I’m your last listener, laying on my bed on the opposite side of my room from my computer.
ZZZZZZZZZZZZzzzzzzzzzz!
Best sleep i ever had
Better ending for Game of Thrones than “Fade to black, cue Don’t Stop Believin'”.
Have one fo the characters get hit in the head, cut to the clip of Bob Newhart waking up in bed next to Emily, saying “Emily, Wake up – You won’t believe the dream I just had!”.
Then fade to black.
As Rob has mentioned on several occasions, a show today can be a “huge hit” with a small fraction of the audience a show might have had in the past when there were just 3 major networks.

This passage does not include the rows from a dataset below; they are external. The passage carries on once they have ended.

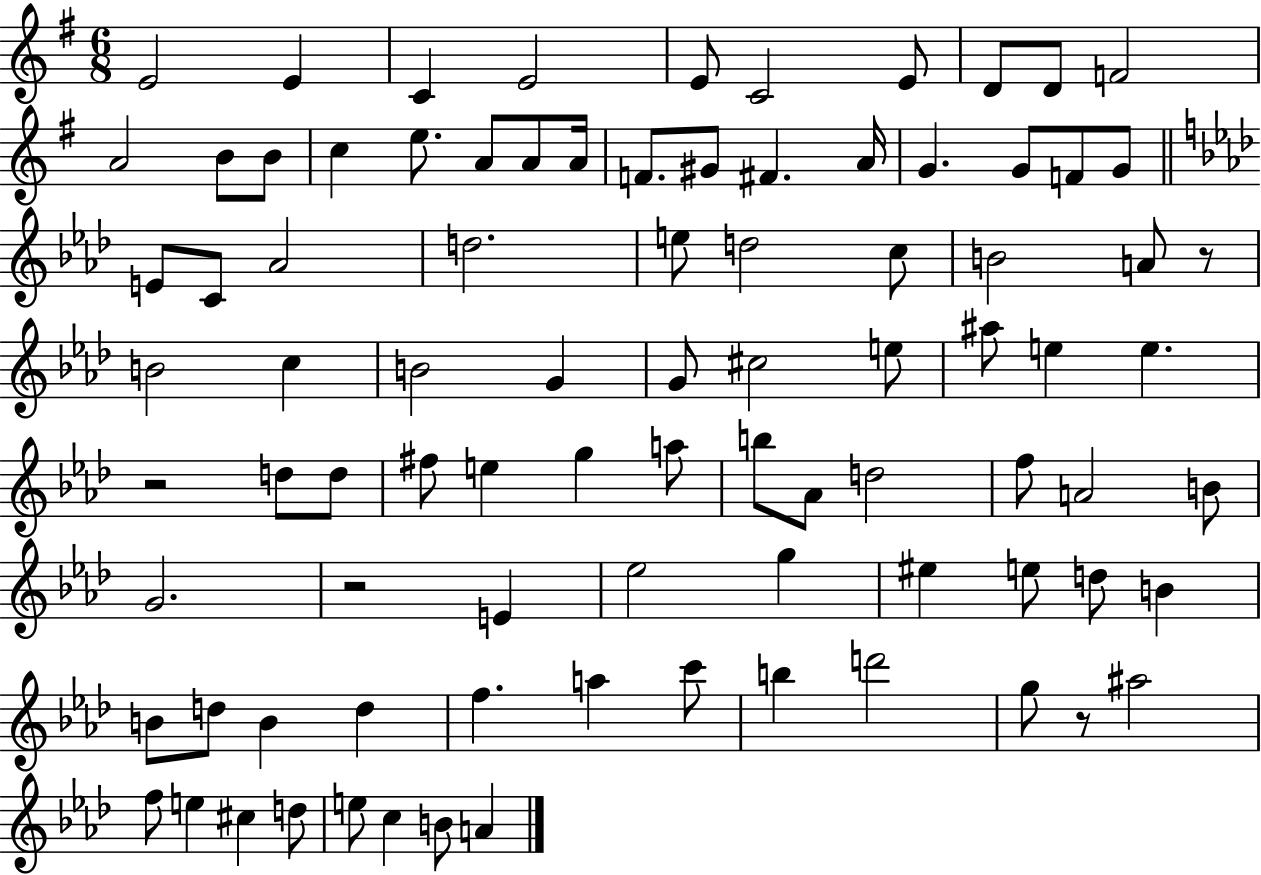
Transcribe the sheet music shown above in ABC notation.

X:1
T:Untitled
M:6/8
L:1/4
K:G
E2 E C E2 E/2 C2 E/2 D/2 D/2 F2 A2 B/2 B/2 c e/2 A/2 A/2 A/4 F/2 ^G/2 ^F A/4 G G/2 F/2 G/2 E/2 C/2 _A2 d2 e/2 d2 c/2 B2 A/2 z/2 B2 c B2 G G/2 ^c2 e/2 ^a/2 e e z2 d/2 d/2 ^f/2 e g a/2 b/2 _A/2 d2 f/2 A2 B/2 G2 z2 E _e2 g ^e e/2 d/2 B B/2 d/2 B d f a c'/2 b d'2 g/2 z/2 ^a2 f/2 e ^c d/2 e/2 c B/2 A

I always thought the theme from Maude was a catchy tune. Never really watched the show.
I doubt many people are watching GoT in 40 years like Star Wars. I think it age out quickly. I watched the 1st season which I though was okay, and it did motivate me to read the 5 books (which stop at approximately the end of season 3). I don’t see those having the staying power of LotR either. Just not timeless enough.
Maybe “nobody” is concerned about Pete Buttigieg accosting young GIRLS, but…
Not that one, this one (WARNING: LINK NOT CoC COMPLIANT AT ALL!).
Oh, sure, I understand that—30 years ago a show with GoT’s numbers would never have made it more than a few episodes, but it’s a smash hit for HBO. (It’s the biggest hit they’ve ever had, right?) The number crunching was just trying to shed light on how many people watched either show.